▶ _Exercise objective_: The answer should hold only the lines from the one containing "equal rights Tank Top" through the one containing "Service Residence for" in the entries below, copied exactly, without pictures.

▶ _Input data_:

-=-=-=-=-

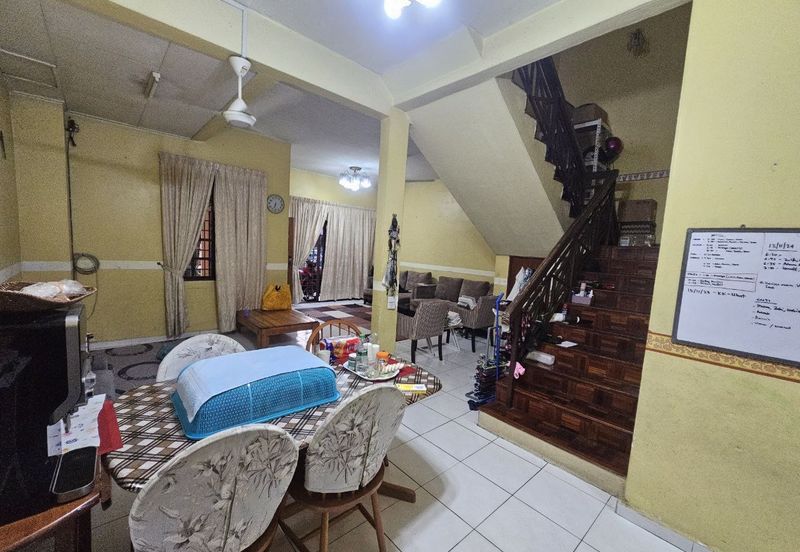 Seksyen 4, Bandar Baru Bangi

-=-=-=-=-

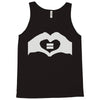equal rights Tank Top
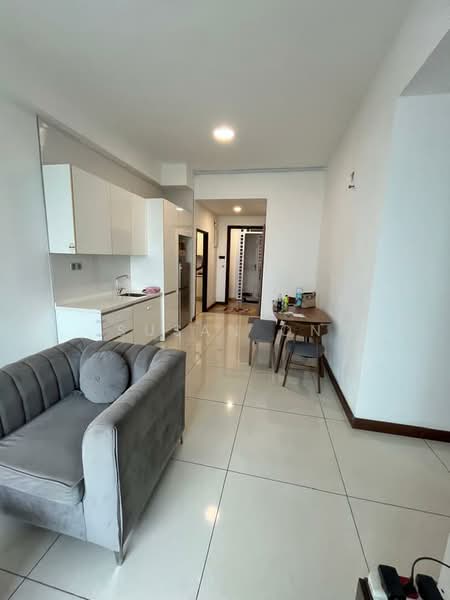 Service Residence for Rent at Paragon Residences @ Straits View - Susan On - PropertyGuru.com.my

-=-=-=-=-

▶ _Answer for the task_:
equal rights Tank Top
 Service Residence for Rent at Paragon Residences @ Straits View - Susan On - PropertyGuru.com.my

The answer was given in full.